━━━━━ Material supplied ━━━━━

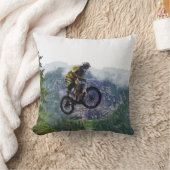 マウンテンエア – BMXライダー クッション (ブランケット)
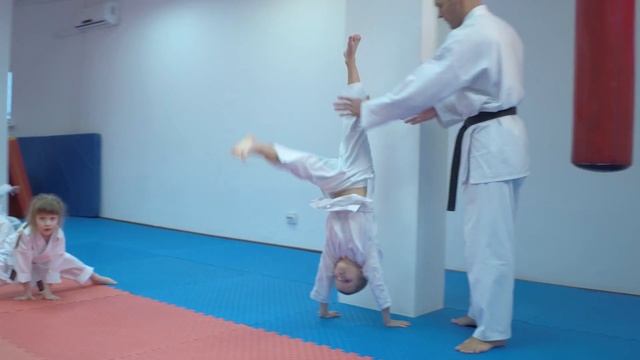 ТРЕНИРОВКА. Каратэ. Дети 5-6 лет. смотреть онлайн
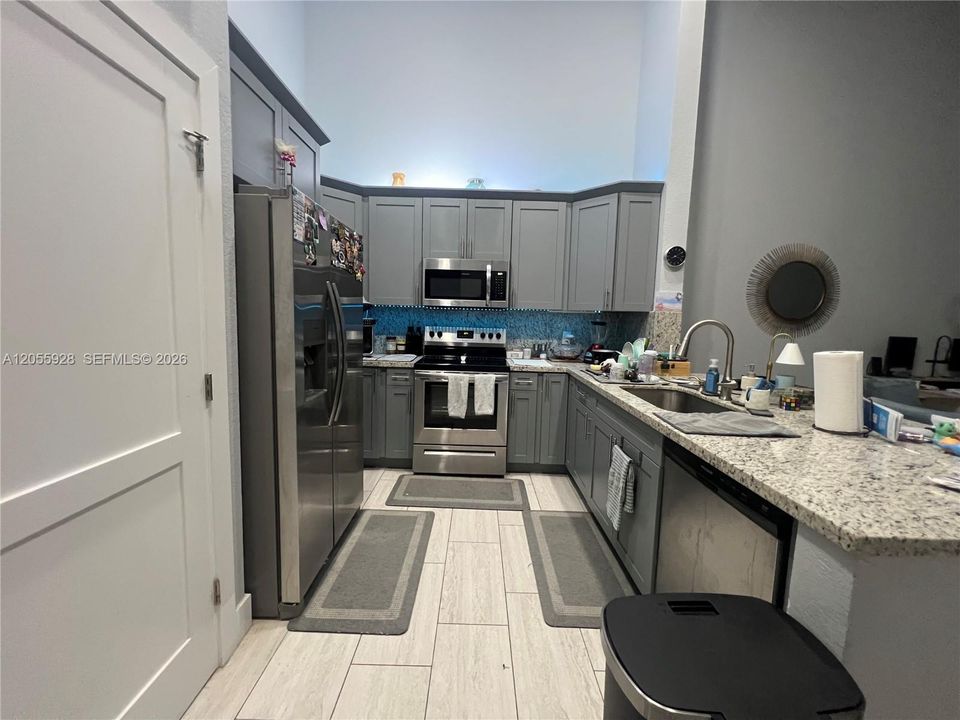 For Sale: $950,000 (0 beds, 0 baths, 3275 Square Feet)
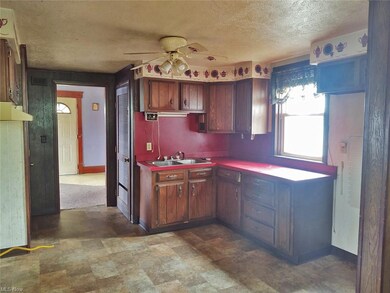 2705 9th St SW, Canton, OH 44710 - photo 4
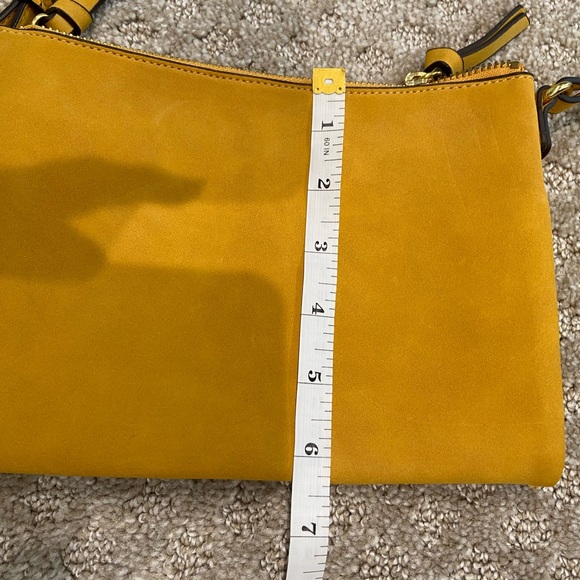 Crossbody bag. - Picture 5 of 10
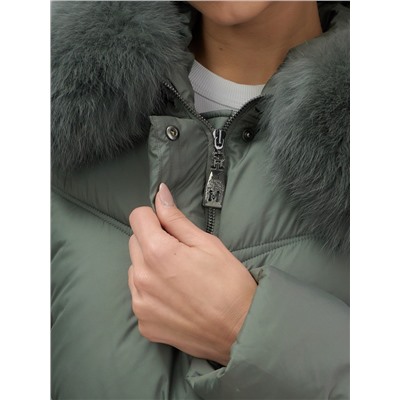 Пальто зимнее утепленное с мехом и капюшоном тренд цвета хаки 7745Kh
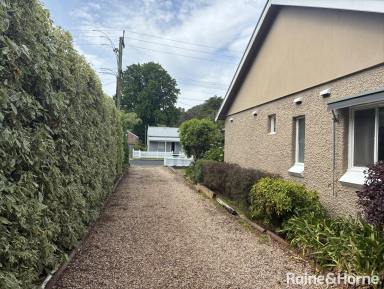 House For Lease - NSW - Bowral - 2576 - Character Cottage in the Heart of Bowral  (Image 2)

━━━━━

### [Directions for this task]
Leaving the pictures aside, write out only the lines from the one containing "Пальто зимнее утепленное" through the end of the material, exactly as they stand.

### [Written answer]
 Пальто зимнее утепленное с мехом и капюшоном тренд цвета хаки 7745Kh
 House For Lease - NSW - Bowral - 2576 - Character Cottage in the Heart of Bowral  (Image 2)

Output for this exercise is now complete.